WHAT THIS TASK INVOLVES: What you produce should be the lines from the line containing "Muscular dystrophy of arm" through the last line below, both ends included, reproduced exactly and without pictures.

DATA EXTRACT:
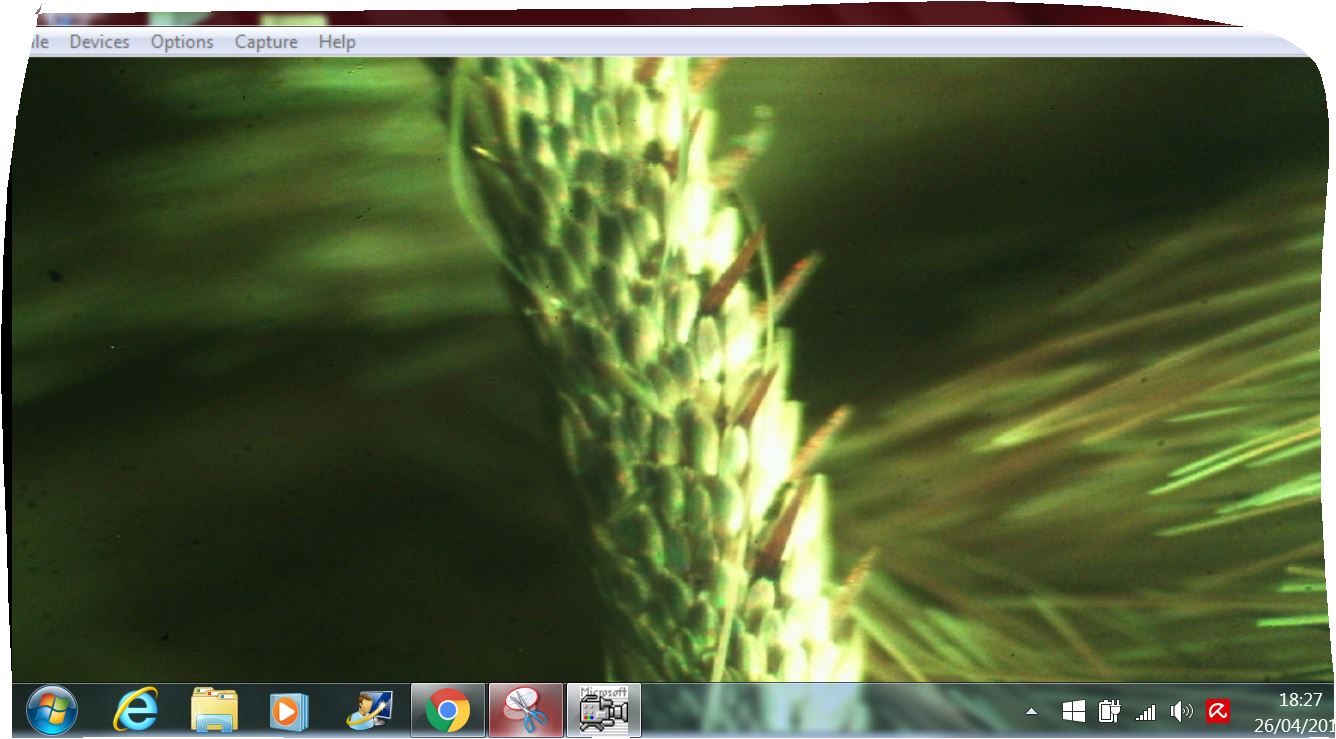 vorticella?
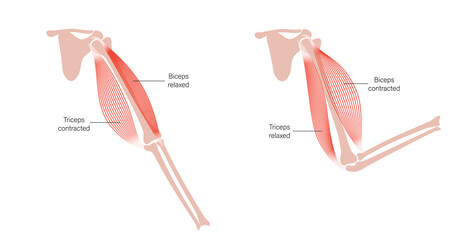 Muscular dystrophy of arm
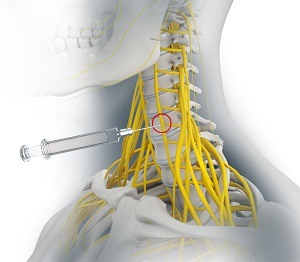 Occipital & Peripheral Nerve Blocks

OUTPUT BELOW:
 Muscular dystrophy of arm
 Occipital & Peripheral Nerve Blocks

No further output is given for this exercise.